Written and Directed By: Kleber Mendonça Filho
Starring: Gustavo Jahn, W. J. Sohla, Irandhir Santos, Irma Brown, Yuri Holanda
Directors of Photography: Pedro Sotero and Fabricio Tadeu, Editor: Kleber Mendonça Mendonça and João Maria, Art Direction: Juliano Dornelles, Original Music: DJ Dolores
True but minor story. The other week, a woman knocked on the door to my apartment. I hesitantly answered it. She asked me if I knew when my neighbors would be back, the individuals who lived in the apartment right across from me. Not only did I have no idea when they would back, I had no idea who they even were. I had seen them maybe once or twice before—an elderly couple—but had no idea who they were or what they did. Nor have I known any of my neighbors in New York for that matter.
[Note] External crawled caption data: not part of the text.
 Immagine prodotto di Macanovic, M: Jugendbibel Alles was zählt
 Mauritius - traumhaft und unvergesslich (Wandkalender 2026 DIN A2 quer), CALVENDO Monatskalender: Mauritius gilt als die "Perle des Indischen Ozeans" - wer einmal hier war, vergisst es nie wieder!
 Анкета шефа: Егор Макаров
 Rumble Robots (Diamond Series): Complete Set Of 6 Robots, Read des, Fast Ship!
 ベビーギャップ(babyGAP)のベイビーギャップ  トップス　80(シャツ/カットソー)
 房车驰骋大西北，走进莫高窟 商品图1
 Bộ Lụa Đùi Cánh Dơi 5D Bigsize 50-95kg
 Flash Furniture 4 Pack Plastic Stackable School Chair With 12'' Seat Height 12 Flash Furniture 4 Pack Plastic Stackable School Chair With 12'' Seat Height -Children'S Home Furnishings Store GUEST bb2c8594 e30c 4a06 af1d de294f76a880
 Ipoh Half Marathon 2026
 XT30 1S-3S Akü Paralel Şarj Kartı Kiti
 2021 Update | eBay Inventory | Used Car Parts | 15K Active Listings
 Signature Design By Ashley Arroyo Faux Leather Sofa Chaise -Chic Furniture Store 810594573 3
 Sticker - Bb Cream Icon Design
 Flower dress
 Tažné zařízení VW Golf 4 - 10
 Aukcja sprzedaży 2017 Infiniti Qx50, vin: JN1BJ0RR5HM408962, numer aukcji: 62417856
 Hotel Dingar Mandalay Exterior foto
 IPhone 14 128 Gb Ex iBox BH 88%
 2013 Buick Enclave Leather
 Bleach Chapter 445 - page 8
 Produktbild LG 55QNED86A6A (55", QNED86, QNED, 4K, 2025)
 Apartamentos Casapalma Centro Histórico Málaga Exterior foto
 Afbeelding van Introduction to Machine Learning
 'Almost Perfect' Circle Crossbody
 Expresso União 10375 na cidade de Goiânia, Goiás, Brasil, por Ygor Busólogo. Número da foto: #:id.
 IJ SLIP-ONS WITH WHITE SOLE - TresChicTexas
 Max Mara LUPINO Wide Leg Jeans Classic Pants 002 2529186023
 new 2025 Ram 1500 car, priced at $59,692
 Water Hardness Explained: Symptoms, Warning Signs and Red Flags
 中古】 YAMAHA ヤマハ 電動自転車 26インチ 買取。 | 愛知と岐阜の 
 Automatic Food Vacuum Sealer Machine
So part of the shock of Neighboring Sounds, a fantastic and audacious new film from Brazil, is its exposure to a world where everyone knows everyone’s secrets, even if they don’t know who they are. Written and directed by a new filmmaker named Kleber Mendonça Filho (tough to pronounce, but will surely be hard to forget), the film is set on a single block in Recife, a fairly calm city in Brazil. We are miles from the slums that have popularized most Brazilian cinema that reaches our shores. The block is mostly middle class, with one large landowner living at the top of the block’s high-rises. And within the block is a cacophony of windows and doors, all letting people spy on each other.